Nur acht Ermahnungen

Eine weitere Besonderheit dieses Briefes ist, dass er nur acht Ermahnungen enthält (1Joh 2,15.24.28; 3,7.18; 4,1.7; 5,21).

Abgesehen von diesen Ermahnungen geht es in dem Brief hauptsächlich darum, verschiedene Kennzeichen des ewigen Lebens als Beweise dafür und dagegen vorzulegen, an denen jeder Anspruch geprüft werden kann. Das heißt aber nicht, dass der Brief nicht auch sehr praktisch ist. Ganz im Gegenteil. Wenn man die Punkte, die Johannes bezüglich der Kennzeichen des ewigen Lebens anführt, auf alle anwendet, die behaupten, Christus zu kennen, wird sein Dienst ungemein praktisch; wir können dadurch sofort erkennen, wer ein wahrhaft Gläubiger ist und  wer nicht. Da wir in einer Zeit leben, in der die Gefahr besteht, von falschen Lehrern verdorben zu werden und von vielen, die sich als Kinder Gottes ausgeben, es aber nicht sind, ist der Brief des Johannes eine große Hilfe, das eine vom anderen zu unterscheiden.

„Wissen“ und „erkennen“

Ein weiteres Kennzeichen des ersten Johannesbriefes ist die häufige Verwendung der Worte „wissen [know]“ und „erkennen [known]“. Sie kommen etwa vierzigmal vor. Er betont diese Worte, um den Behauptungen der Irrlehrer entgegenzutreten, sie hätten ein höheres Wissen als die Apostel. Mit diesen Worten unterstreicht er, was wir durch die Offenbarungen der Wahrheit, die wir von den Aposteln erhalten haben, wissen und was uns durch die Gemeinschaft mit dem Vater und dem Sohn zugesichert wurde.

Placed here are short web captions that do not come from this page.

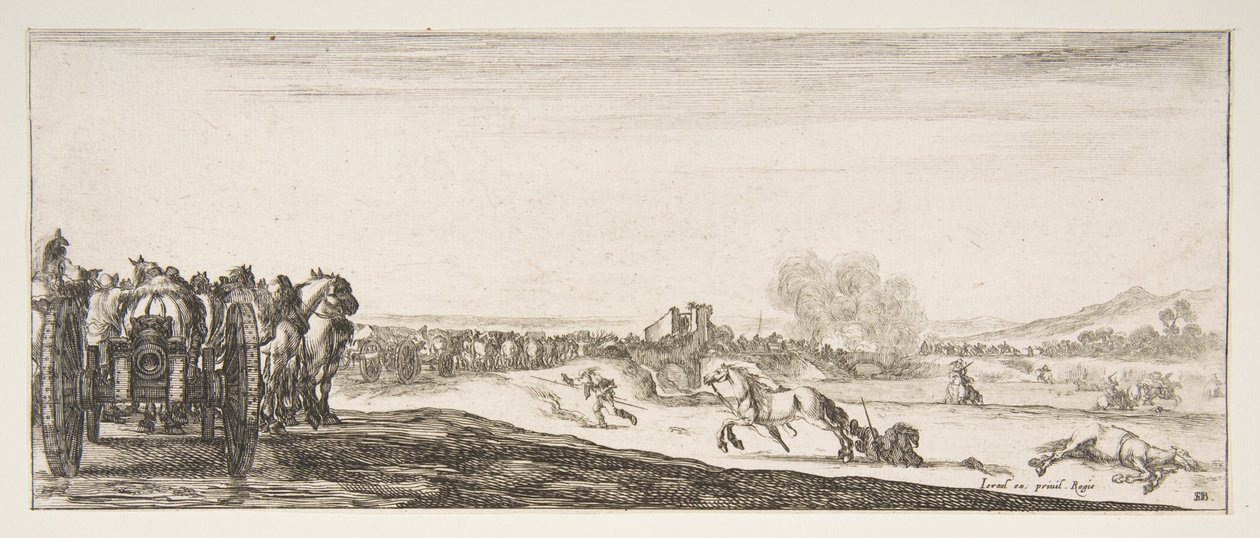 Vasemmalla hevosvaunujen kulkue, hevosmiehiä taistelussa ja kuollut ho..., n. 1641. tekijältä Stefano della Bella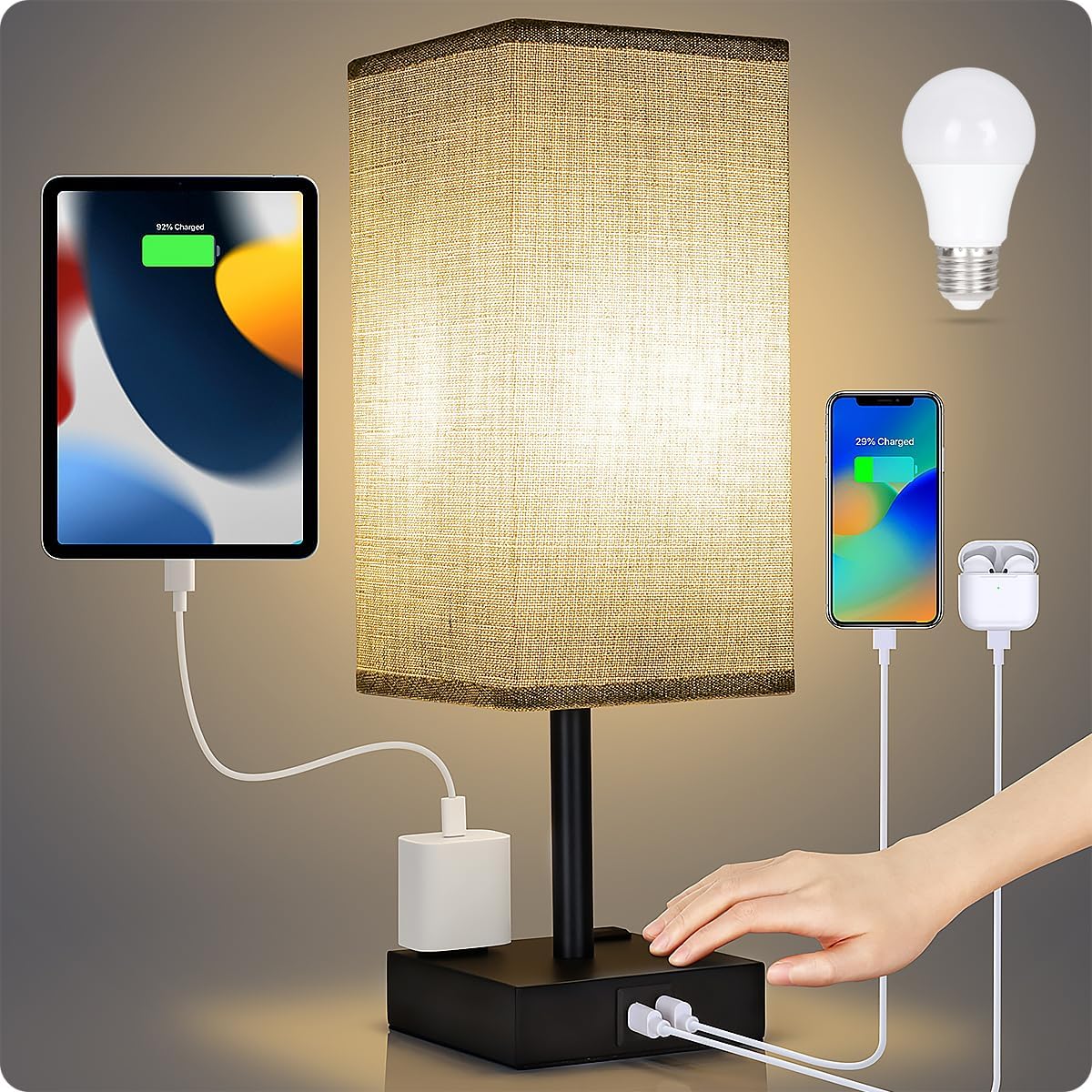 Bedside Table Lamp for Bedroom - Touch Small Lamp with USB C+A Charging Ports & AC Outlets, 3 Way Dimmable Nightstand Light for Living Room (LED Bulb Included, Grey)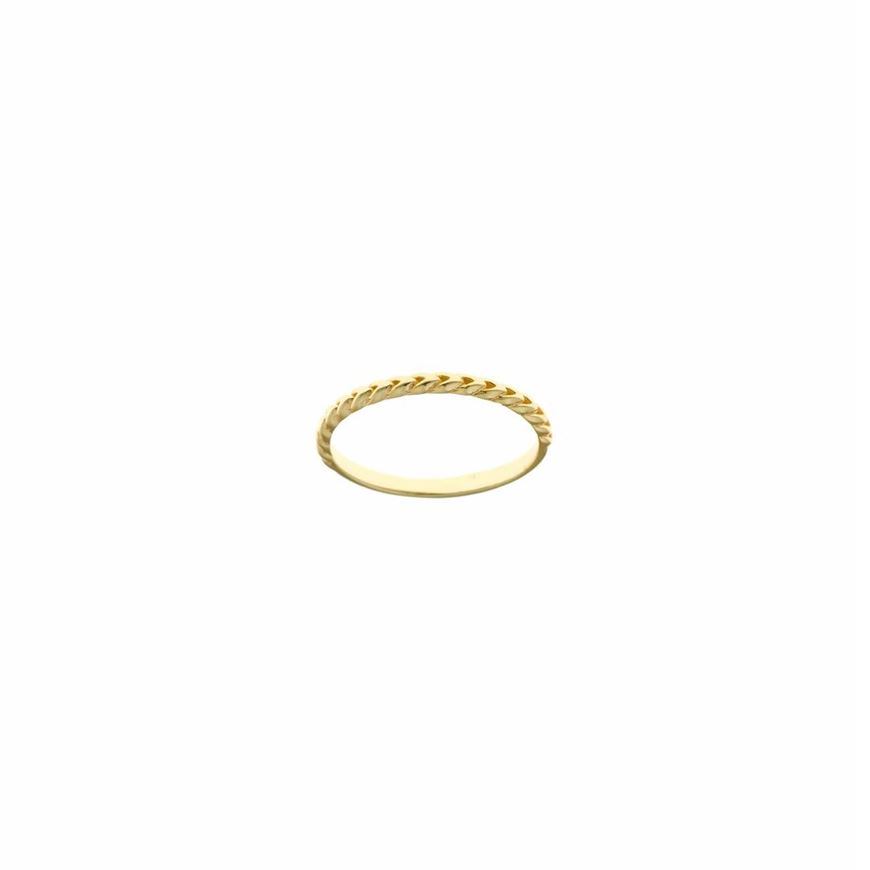 Foto de Sortija plata chapado dorado gallonada liso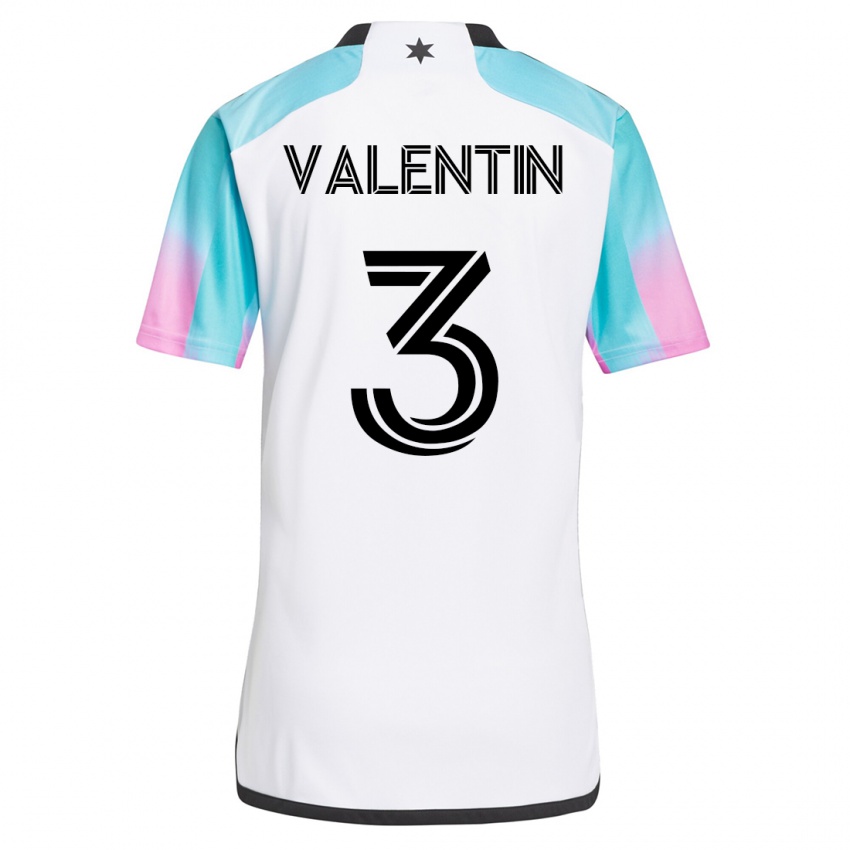 Donna Maglia Zarek Valentin #3 Bianco Kit Gara Away 2023/24 Maglietta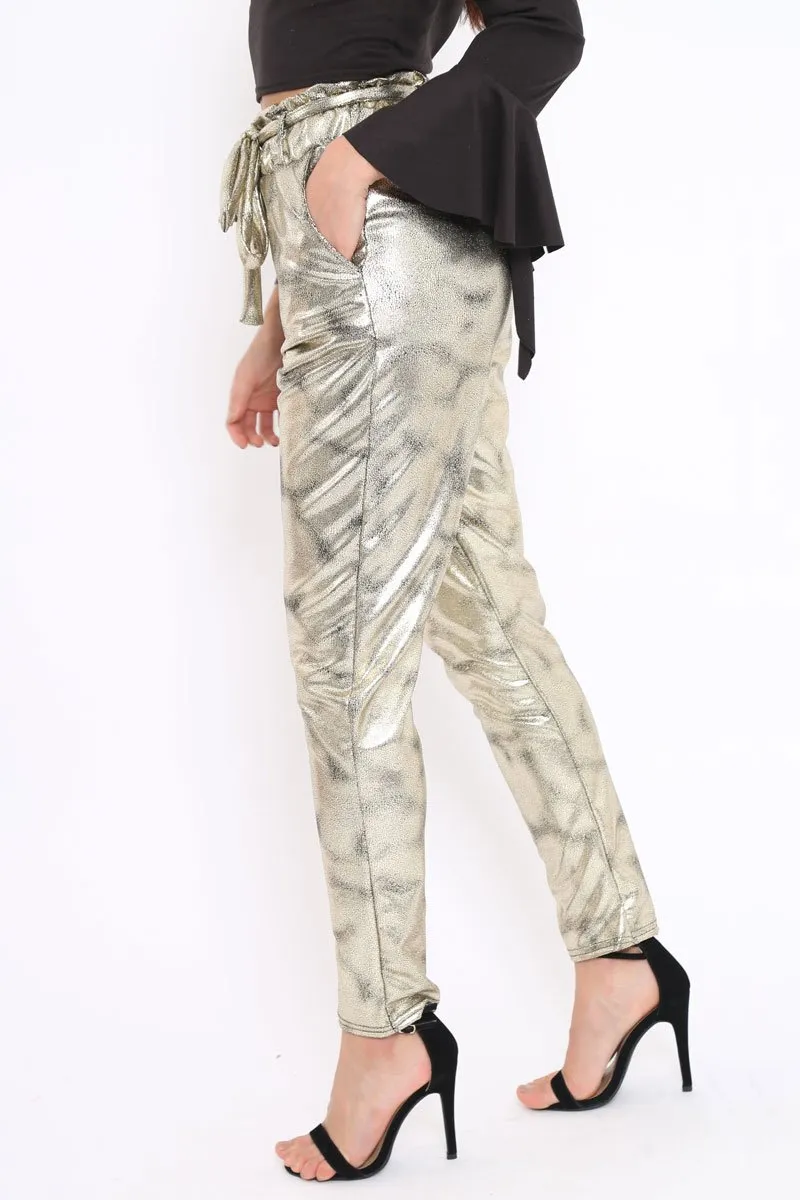 Gold Metallic Tie Waist Trousers - Brigette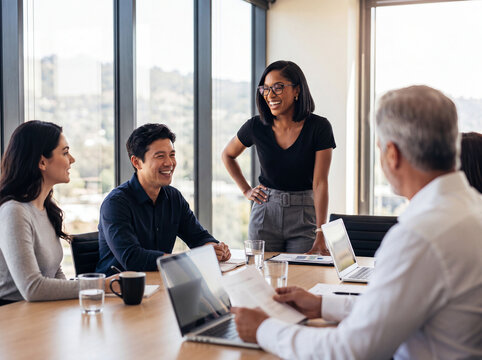 Cheerful diverse business team collaborating in a bright modern office meeting, discussing ideas and laughing together.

Es gibt zwei Hauptwörter im griechischen Text, die in der englischen King-James-Übersetzung mit „wissen“ übersetzt werden: ginosko und oida. Johannes verwendet beide in seinen Briefen, und es ist aufschlussreich, wann und wie er das tut, wie wir in Kapitel 5 sehen werden.[4] Ginosko bezieht sich auf objektives Wissen, das aus Fakten über etwas oder jemand abgeleitet wird; oida ist ein inneres, bewusstes Wissen über etwas oder jemand, das durch intime, persönliche Bekanntschaft und Gemeinschaft erworben wird. Die beiden Wörter werden vom Herrn in Johannes 8,55 verwendet und dienen dazu, den Unterschied zwischen beiden zu verdeutlichen. In Bezug auf die Kenntnis des Vaters sagte der Herr zu den ungläubigen Pharisäern: „Ihr habt ihn nicht erkannt [ginosko]; ich aber kenne ihn [oida].“ Die Pharisäer hatten also kein Verständnis von Gott, dem Vater, aber der Herr lebte in persönlicher und inniger Gemeinschaft mit Ihm und hatte daher eine tiefe und vollständige Kenntnis des Vaters.

Ewiges Leben

Wie bereits erwähnt, zieht sich das große Thema „ewiges Leben“ durch den ganzen Dienst des Apostel Johannes. Sein Evangelium ergänzt seine Briefe und enthält den Samen für die in den Briefen entwickelten Gedanken. Im Evangelium werden die Kennzeichen des ewigen Lebens in der Lehre des Herrn dargelegt und in seinem Leben perfekt veranschaulicht; in dem Brief werden dieselben Kennzeichen in den Kindern Gottes dargestellt.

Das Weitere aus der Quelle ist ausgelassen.